<<<<

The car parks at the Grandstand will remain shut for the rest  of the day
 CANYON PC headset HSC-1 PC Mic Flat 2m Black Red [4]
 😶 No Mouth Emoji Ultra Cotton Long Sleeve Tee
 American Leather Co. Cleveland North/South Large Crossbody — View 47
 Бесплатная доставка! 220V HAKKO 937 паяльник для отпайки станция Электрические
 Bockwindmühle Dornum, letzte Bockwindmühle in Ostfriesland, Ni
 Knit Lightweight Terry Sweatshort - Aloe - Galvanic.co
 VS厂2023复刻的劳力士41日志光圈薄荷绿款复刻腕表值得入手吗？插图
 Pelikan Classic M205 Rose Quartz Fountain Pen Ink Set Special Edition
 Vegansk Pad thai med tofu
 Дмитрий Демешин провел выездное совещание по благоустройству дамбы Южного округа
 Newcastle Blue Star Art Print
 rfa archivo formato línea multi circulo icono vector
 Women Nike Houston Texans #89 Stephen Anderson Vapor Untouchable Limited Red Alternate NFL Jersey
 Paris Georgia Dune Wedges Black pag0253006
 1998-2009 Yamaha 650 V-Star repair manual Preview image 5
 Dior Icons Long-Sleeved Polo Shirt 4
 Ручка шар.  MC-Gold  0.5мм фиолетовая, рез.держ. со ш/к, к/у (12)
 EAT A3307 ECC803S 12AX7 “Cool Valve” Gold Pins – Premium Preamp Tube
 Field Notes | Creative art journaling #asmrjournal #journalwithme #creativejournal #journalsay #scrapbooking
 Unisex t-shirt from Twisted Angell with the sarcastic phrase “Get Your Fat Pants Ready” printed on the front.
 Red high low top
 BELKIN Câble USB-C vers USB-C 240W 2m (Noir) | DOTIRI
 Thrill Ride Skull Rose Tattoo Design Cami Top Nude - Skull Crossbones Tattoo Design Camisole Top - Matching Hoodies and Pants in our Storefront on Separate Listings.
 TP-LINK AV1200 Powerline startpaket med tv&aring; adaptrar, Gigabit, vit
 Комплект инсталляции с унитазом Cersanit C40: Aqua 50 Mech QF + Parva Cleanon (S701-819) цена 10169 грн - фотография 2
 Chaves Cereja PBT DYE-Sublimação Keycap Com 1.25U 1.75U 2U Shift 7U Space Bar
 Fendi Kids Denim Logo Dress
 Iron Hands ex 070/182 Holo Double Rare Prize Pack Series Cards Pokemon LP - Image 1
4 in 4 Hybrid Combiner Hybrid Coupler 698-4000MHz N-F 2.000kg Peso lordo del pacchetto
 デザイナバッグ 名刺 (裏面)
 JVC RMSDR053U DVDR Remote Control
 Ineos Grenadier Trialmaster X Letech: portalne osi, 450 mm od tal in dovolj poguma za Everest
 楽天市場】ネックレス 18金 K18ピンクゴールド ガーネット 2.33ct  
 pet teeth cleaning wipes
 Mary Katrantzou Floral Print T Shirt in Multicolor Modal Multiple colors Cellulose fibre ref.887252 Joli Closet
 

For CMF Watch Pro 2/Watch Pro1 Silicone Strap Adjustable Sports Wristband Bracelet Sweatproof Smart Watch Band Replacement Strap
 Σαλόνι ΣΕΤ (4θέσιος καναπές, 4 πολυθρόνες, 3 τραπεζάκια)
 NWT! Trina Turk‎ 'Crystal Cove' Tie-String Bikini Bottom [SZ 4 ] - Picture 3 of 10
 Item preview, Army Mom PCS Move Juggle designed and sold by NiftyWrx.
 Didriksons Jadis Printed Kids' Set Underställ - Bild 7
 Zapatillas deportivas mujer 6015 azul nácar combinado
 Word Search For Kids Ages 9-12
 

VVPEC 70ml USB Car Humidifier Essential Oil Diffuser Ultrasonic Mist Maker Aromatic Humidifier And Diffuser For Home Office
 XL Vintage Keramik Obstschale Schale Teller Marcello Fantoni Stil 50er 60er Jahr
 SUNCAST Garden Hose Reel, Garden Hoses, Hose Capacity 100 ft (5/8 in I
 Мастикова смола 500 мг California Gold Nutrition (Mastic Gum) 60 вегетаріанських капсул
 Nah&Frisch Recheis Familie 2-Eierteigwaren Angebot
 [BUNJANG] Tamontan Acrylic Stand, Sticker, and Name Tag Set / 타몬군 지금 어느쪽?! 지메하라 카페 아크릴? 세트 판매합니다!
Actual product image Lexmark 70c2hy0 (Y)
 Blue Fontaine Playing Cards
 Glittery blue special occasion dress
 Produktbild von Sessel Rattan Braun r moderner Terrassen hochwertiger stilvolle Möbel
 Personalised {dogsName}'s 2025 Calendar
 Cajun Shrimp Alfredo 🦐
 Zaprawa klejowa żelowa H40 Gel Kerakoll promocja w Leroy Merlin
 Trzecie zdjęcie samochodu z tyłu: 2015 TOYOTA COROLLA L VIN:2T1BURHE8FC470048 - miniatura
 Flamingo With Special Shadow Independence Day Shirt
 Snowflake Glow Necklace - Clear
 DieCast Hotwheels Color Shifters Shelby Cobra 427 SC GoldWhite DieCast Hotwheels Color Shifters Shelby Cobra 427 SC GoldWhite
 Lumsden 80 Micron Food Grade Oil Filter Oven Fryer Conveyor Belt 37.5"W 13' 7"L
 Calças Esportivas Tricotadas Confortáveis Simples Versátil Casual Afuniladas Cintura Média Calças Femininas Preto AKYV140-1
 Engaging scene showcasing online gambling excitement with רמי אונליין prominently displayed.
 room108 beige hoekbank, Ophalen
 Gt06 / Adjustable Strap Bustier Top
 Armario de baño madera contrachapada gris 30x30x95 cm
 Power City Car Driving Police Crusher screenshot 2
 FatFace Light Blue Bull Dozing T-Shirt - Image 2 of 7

>>>>

Retype the data exactly as it reads.

The car parks at the Grandstand will remain shut for the rest  of the day
 CANYON PC headset HSC-1 PC Mic Flat 2m Black Red [4]
 😶 No Mouth Emoji Ultra Cotton Long Sleeve Tee
 American Leather Co. Cleveland North/South Large Crossbody — View 47
 Бесплатная доставка! 220V HAKKO 937 паяльник для отпайки станция Электрические
 Bockwindmühle Dornum, letzte Bockwindmühle in Ostfriesland, Ni
 Knit Lightweight Terry Sweatshort - Aloe - Galvanic.co
 VS厂2023复刻的劳力士41日志光圈薄荷绿款复刻腕表值得入手吗？插图
 Pelikan Classic M205 Rose Quartz Fountain Pen Ink Set Special Edition
 Vegansk Pad thai med tofu
 Дмитрий Демешин провел выездное совещание по благоустройству дамбы Южного округа
 Newcastle Blue Star Art Print
 rfa archivo formato línea multi circulo icono vector
 Women Nike Houston Texans #89 Stephen Anderson Vapor Untouchable Limited Red Alternate NFL Jersey
 Paris Georgia Dune Wedges Black pag0253006
 1998-2009 Yamaha 650 V-Star repair manual Preview image 5
 Dior Icons Long-Sleeved Polo Shirt 4
 Ручка шар.  MC-Gold  0.5мм фиолетовая, рез.держ. со ш/к, к/у (12)
 EAT A3307 ECC803S 12AX7 “Cool Valve” Gold Pins – Premium Preamp Tube
 Field Notes | Creative art journaling #asmrjournal #journalwithme #creativejournal #journalsay #scrapbooking
 Unisex t-shirt from Twisted Angell with the sarcastic phrase “Get Your Fat Pants Ready” printed on the front.
 Red high low top
 BELKIN Câble USB-C vers USB-C 240W 2m (Noir) | DOTIRI
 Thrill Ride Skull Rose Tattoo Design Cami Top Nude - Skull Crossbones Tattoo Design Camisole Top - Matching Hoodies and Pants in our Storefront on Separate Listings.
 TP-LINK AV1200 Powerline startpaket med tv&aring; adaptrar, Gigabit, vit
 Комплект инсталляции с унитазом Cersanit C40: Aqua 50 Mech QF + Parva Cleanon (S701-819) цена 10169 грн - фотография 2
 Chaves Cereja PBT DYE-Sublimação Keycap Com 1.25U 1.75U 2U Shift 7U Space Bar
 Fendi Kids Denim Logo Dress
 Iron Hands ex 070/182 Holo Double Rare Prize Pack Series Cards Pokemon LP - Image 1
4 in 4 Hybrid Combiner Hybrid Coupler 698-4000MHz N-F 2.000kg Peso lordo del pacchetto
 デザイナバッグ 名刺 (裏面)
 JVC RMSDR053U DVDR Remote Control
 Ineos Grenadier Trialmaster X Letech: portalne osi, 450 mm od tal in dovolj poguma za Everest
 楽天市場】ネックレス 18金 K18ピンクゴールド ガーネット 2.33ct  
 pet teeth cleaning wipes
 Mary Katrantzou Floral Print T Shirt in Multicolor Modal Multiple colors Cellulose fibre ref.887252 Joli Closet
 

For CMF Watch Pro 2/Watch Pro1 Silicone Strap Adjustable Sports Wristband Bracelet Sweatproof Smart Watch Band Replacement Strap
 Σαλόνι ΣΕΤ (4θέσιος καναπές, 4 πολυθρόνες, 3 τραπεζάκια)
 NWT! Trina Turk‎ 'Crystal Cove' Tie-String Bikini Bottom [SZ 4 ] - Picture 3 of 10
 Item preview, Army Mom PCS Move Juggle designed and sold by NiftyWrx.
 Didriksons Jadis Printed Kids' Set Underställ - Bild 7
 Zapatillas deportivas mujer 6015 azul nácar combinado
 Word Search For Kids Ages 9-12
 

VVPEC 70ml USB Car Humidifier Essential Oil Diffuser Ultrasonic Mist Maker Aromatic Humidifier And Diffuser For Home Office
 XL Vintage Keramik Obstschale Schale Teller Marcello Fantoni Stil 50er 60er Jahr
 SUNCAST Garden Hose Reel, Garden Hoses, Hose Capacity 100 ft (5/8 in I
 Мастикова смола 500 мг California Gold Nutrition (Mastic Gum) 60 вегетаріанських капсул
 Nah&Frisch Recheis Familie 2-Eierteigwaren Angebot
 [BUNJANG] Tamontan Acrylic Stand, Sticker, and Name Tag Set / 타몬군 지금 어느쪽?! 지메하라 카페 아크릴? 세트 판매합니다!
Actual product image Lexmark 70c2hy0 (Y)
 Blue Fontaine Playing Cards
 Glittery blue special occasion dress
 Produktbild von Sessel Rattan Braun r moderner Terrassen hochwertiger stilvolle Möbel
 Personalised {dogsName}'s 2025 Calendar
 Cajun Shrimp Alfredo 🦐
 Zaprawa klejowa żelowa H40 Gel Kerakoll promocja w Leroy Merlin
 Trzecie zdjęcie samochodu z tyłu: 2015 TOYOTA COROLLA L VIN:2T1BURHE8FC470048 - miniatura
 Flamingo With Special Shadow Independence Day Shirt
 Snowflake Glow Necklace - Clear
 DieCast Hotwheels Color Shifters Shelby Cobra 427 SC GoldWhite DieCast Hotwheels Color Shifters Shelby Cobra 427 SC GoldWhite
 Lumsden 80 Micron Food Grade Oil Filter Oven Fryer Conveyor Belt 37.5"W 13' 7"L
 Calças Esportivas Tricotadas Confortáveis Simples Versátil Casual Afuniladas Cintura Média Calças Femininas Preto AKYV140-1
 Engaging scene showcasing online gambling excitement with רמי אונליין prominently displayed.
 room108 beige hoekbank, Ophalen
 Gt06 / Adjustable Strap Bustier Top
 Armario de baño madera contrachapada gris 30x30x95 cm
 Power City Car Driving Police Crusher screenshot 2
 FatFace Light Blue Bull Dozing T-Shirt - Image 2 of 7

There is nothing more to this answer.